Industry Push vs. Consumer Reality
Despite regular trade media stories about financial services organisations launching new digital advice solutions and some providers declaring 2025 as 'the year of digital advice', consumer adoption remains tepid. This disconnect underscores the need for the industry to adopt a more consumer-centric approach to digital-only advice transformation, ensuring that current solutions truly address consumer needs and concerns as their wealth grows.
The Age Factor and Digital Comfort
The data reveals a clear generational divide in digital comfort levels, with interest in digital investing showing a consistent decline as age increases. Among younger Australians under 25, interest has grown significantly from 34% to 52% over the past year. This enthusiasm gradually diminishes through the age brackets, with those aged 25-34 showing 44% interest (up from 40%) and continuing to decline until reaching just 15% among those aged 55-64 (up from 11%). For those over 65, interest drops below 10%. This declining comfort with digital solutions among older demographics is particularly enlightening as these age groups typically need financial advice and the assets to pay for it.
Figure 1: Percentage of population interested in using technology for investing
Source: Adviser Ratings, 2024 Australian Financial Advice Landscape Report
The question is, is the decreasing uptake in digital advice an age thing, or is it just a cheap and cheerful tool for those with less at risk and less ability to pay?

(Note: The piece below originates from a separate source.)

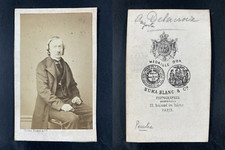 Numa Blanc, Paris, Auguste Delacroix, peintre Vintage cdv albumen print.August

Understanding Consumer Hesitancy
Trust and Security Concerns
Academic research identifies several key barriers to digital advice adoption. Belanche et al. (2019) showed that familiarity plays a crucial role, with those more acquainted with AI and digital tools generally showing more positive attitudes. However, security concerns remain paramount, with many consumers expressing significant reservations about sharing personal financial information through digital platforms, as highlighted in research by Sathye (1999).
The perceived value proposition presents another significant hurdle. Laukkanen's 2016 research demonstrates that consumers need to see clear, tangible benefits in order to adopt new financial technologies. Even when consumers do adopt digital tools, Adapa and Roy (2017) showed a significant gap often exists between initial adoption and consistent usage of the advice provided, which is one critical requirement of good advice.

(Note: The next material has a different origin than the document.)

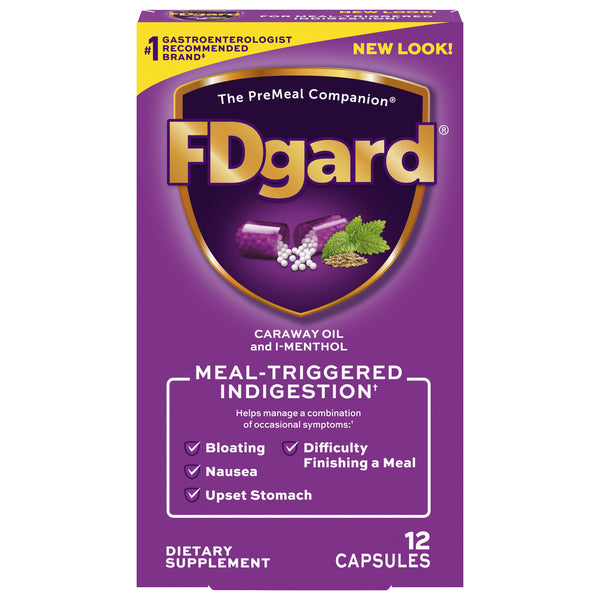 Fd Gard - Functional Dyspepsia Recurring Indigestion 12 Capsules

Consumer Attitudes Toward AI
The AFLR 2024 reveals a nuanced picture of consumer attitudes toward artificial intelligence in financial advice. While 38% of consumers express positive sentiments about AI use in financial services, nearly equal proportions (34%) remain pessimistic, and the remaining 26% take a neutral stance.
Figure 2: Consumer attitudes towards AI in financial advice
However, when digging deeper into this, consumers show measured optimism when considering AI's specific role in financial advice, but in one particular way. A significant portion (31%) believe AI will enhance financial advisers' capabilities rather than replace them, with only 12% expecting AI to lead to adviser replacement. Nearly a quarter of respondents (23%) anticipate AI helping to reduce advice fees, while 24% expect no significant impact on the industry. In short, AI will make improvements to the accessibility and capacity of professional human financial advisers, but consumers aren't looking to technology to replace their financial advisers any time soon.
The Affordability Challenge Versus The Value of Human Advice
The relationship between digital solutions and advice affordability presents a complex picture, and the question remains whether digital advice is solving the affordability challenge as intended. On the one hand, most consumers (67%) indicate a willingness to pay up to $500 annually for advice, with diminishing numbers willing to pay higher amounts - 19% would consider $500-$1,000, while only 14% would pay more than $1,000. Given the regulatory and operational costs involved, these price points create significant challenges for delivering even digital-first solutions profitably.
Figure 3: Consumer willingness to pay for financial advice
Source: Adviser Ratings, 2024 Australian Financial Advice Landscape Report
However, the AFLR 2024 demonstrates clear benefits of human financial advice through measurable financial literacy and confidence outcomes. Advised Australians consistently demonstrate higher levels of financial literacy, with 44% indicating above-average knowledge compared to 33% of their unadvised counterparts. This advantage extends to financial confidence, with advised individuals showing significantly higher confidence in their financial future and 23% more likely to feel confident about their finances overall. These findings underscore the value and importance of human financial advice across the industry.
Emerging Best Practices
Leading practices are adopting hybrid models that leverage technology while maintaining human relationships. Successful technology integration focuses on four key areas: enhanced client communication, improved administrative efficiency, sophisticated data analytics, and expanded client access to services.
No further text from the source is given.